When I first arrived at my university, I was a fairly notorious activist active in far-right politics. At this time, I was largely considered a “reformer” in the same vein as Marine Le Pen in France, the daughter of hard-line nationalist Jean-Marie Le Pen, who transformed her far-right party into an inclusive right-wing populist movement. I had advocated for allowing non-white members to join the radical party of which I was a member in my youth. I also supported civil partnerships for gay couples, while most in the party did not. My experience in college and university, however, was a catalyst for my radicalisation, pushing me briefly into the hands of the most extreme wings of the movement after far-left activists committed themselves to making my life a misery. I was hounded on campus daily, physically assaulted in the street, and even targeted by a vicious leafleting campaign designed to ensure every single student believed I was an imminent threat to their safety.
Imagine arriving to class one day only to find posters plastered all over the building with your photograph comparing you to far-right serial killer Anders Breivik. That’s what happened to me and let me tell you: it did not make me change my mind. It did not make me want to make friends with those left-wingers who disagreed with me. In fact, it even harmed my previously strong relationships with left-wing friends in my city. If their intention was to push me even further away, they succeeded. At least briefly, anyway.
It was during this time that extreme left-wing activists also attempted to find my home address and would regularly issue me death threats online. I recall one very specific threat that detailed how they would locate my home and slash my dog’s throats (I was a dog handler at the time).

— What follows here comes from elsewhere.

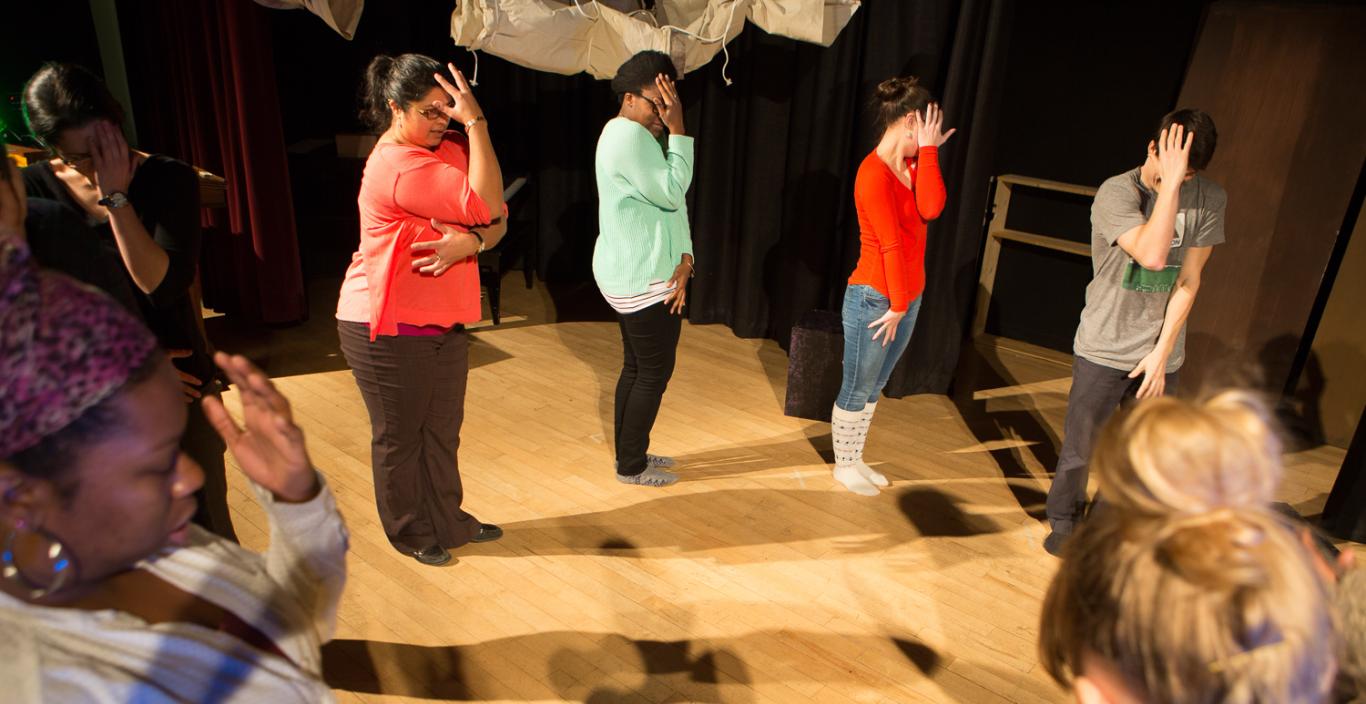People in a circle on a stage during a drama therapy exercise stand with one hand up against their faces.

In more recent years, after having left extremist politics in my early 20s, my wife and I found ourselves the victims of doxxing attempts by extreme right-wingers who found “fame” online by publicly shaming, harassing, and bullying unsuspecting victims on hours-long video streams with the intent of manufacturing drama and attracting eyeballs to their YouTube accounts. For those not in the know, this industry is known as “Internet Blood Sports,” and those who engage in it have one purpose: to harass victims with more followers than them so brutally, so frequently, and so shamelessly that they fight back in defence and create more content for the aggressor to parody or relay to their viewers. It’s effectively professional bullying, and it’s incentivised by social media platforms like YouTube, Rumble, and X that not only permit it but pay out ad dollars for it. Nick Fuentes’ content could arguably be placed into this category.

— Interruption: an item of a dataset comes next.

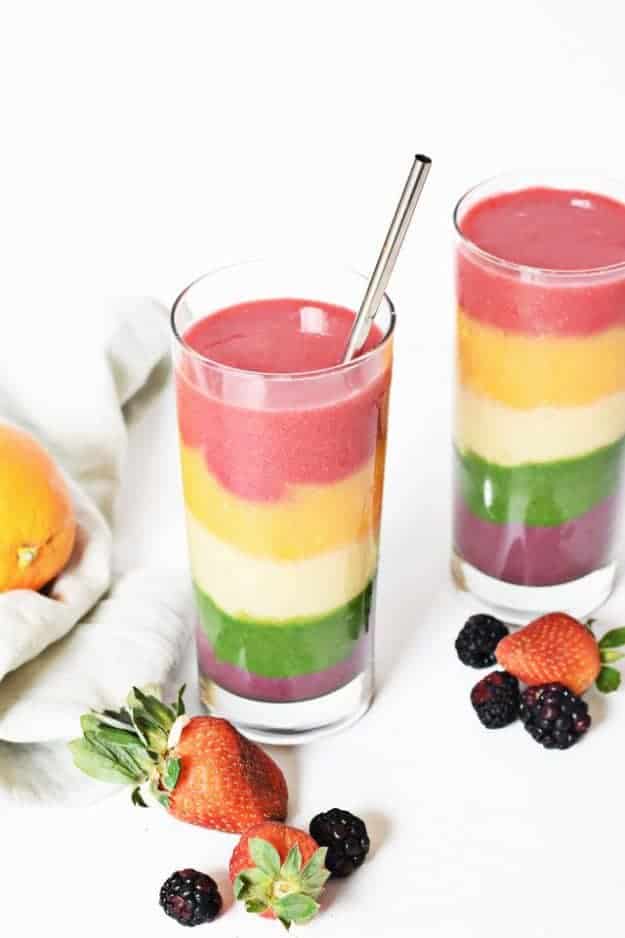 Rainbow layered smoothie in glass with straw and strawberries in foreground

And while these people attempted to find our home and publish our address, some of their most unhinged followers would send us credible death threats. Sometimes they were emails, and sometimes they were videos. Here’s one:
Thankfully, this man does not know where we live. At least, yet.
Another man, as unhinged as the one above, would send us hundreds of emails per day for at least a year until he was eventually locked up. Incredibly, he wasn’t locked up for sending us daily death threats and photoshopped images of my wife being brutally raped and murdered, but for punching a woman in the street in his home country.
There are dangerous people out there, and those who engage in doxxing campaigns online know it. These activists know the damage they can do. They know that they can inflict extreme emotional and physical damage on their political opponents without stepping a foot out their door, getting their hands dirty, or risking arrest.
All they need to do is find the address and publish it; their mentally unwell followers will do the rest. As we have seen with the recent attempt on Nick Fuentes’ life.